The 2kDozen 500: #59 - Sharon van Etten, "Tramp"

I read a headline of Everett True's a few weeks ago that had stuck with me: that all the interesting, good pop music (or rock music, I'm not sure) was being made by women. Or rather, that none of it was being made by men. This may be why I've been quite aware of how many people that happen to be women have been responsible for the last 59 albums I've been listening to.

I don't really have any conclusion to draw from that. I wonder if there's any influence over how I listen, react or report? I might take a look back over previous thoughts to check.

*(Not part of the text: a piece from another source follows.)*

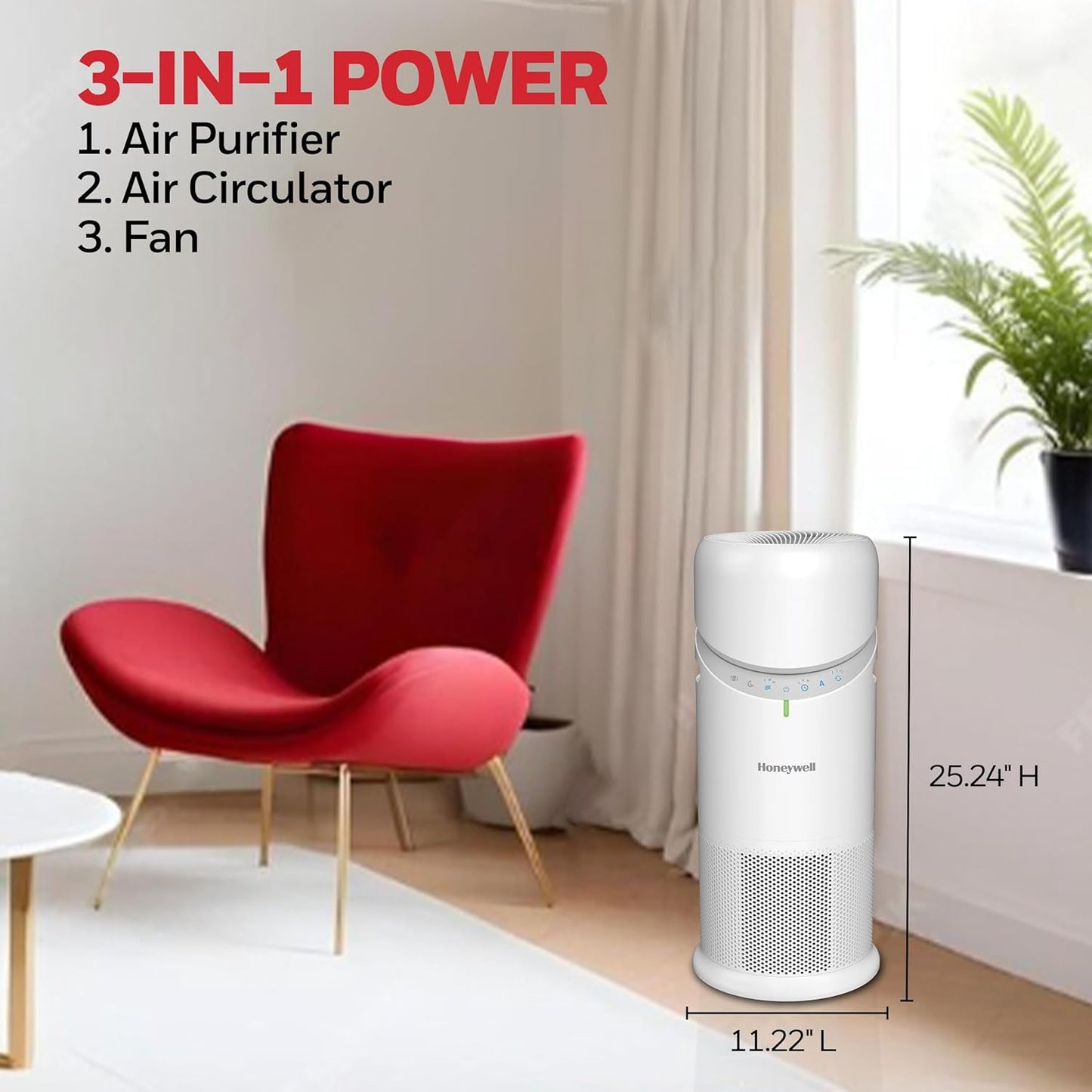 Honeywell Allergen Plus HPA6000 3-in-1 HEPA Air Purifier and Fan for Large Rooms up to 1928 Sq. Ft., White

So this is a fairly straightforward rock album, right? There's a back story that I've read about - the abusive boyfriend who told her that her music was shit because there was no distance. And some music people that heard her CD-Rs and stole her away from that monstrous life. Now, I quite like an ironic distance in a composer and even more so in a lyricist. So what might I make of this? I will be listening out of course for how much of this back story can be inferred from the songs within.

"Leonard" sounds familiar. There's a flutter to the vocal that matches the sweet tension in the music. "In Line" has the shuffling desert feel of slow motion dawns and cavernous hums and mournful, coyote cries. It gets to sound monochromatic after a while and I suppose how far you plunge into this musical world would depend on how closely your mood might run with hers. Sounds a cool route to run alongside her though. "All I Can" builds on the confidence, voice growing in power and a laid-back strut to the backing band. Only the words suggest the confidence is built on uncertainties.

"But my memory steals every moment I can feel./What will it take?/We all make mistakes."

"Tell me I'm wrong/Tell me it's not been that long" suggests another look back over theback story. There are magic, twinkling, uplifting noises swelling up behind "I'm Wrong" in a sliding, brassy fashion. This tune might best sum up her movement to where she is now; I suppose that's for her to know and me to guess at. Belief and trust are big lyrical themes right up until the last track, "Joke or a Lie" ("Put your coat on/Then believe me/I tried" are the closing words).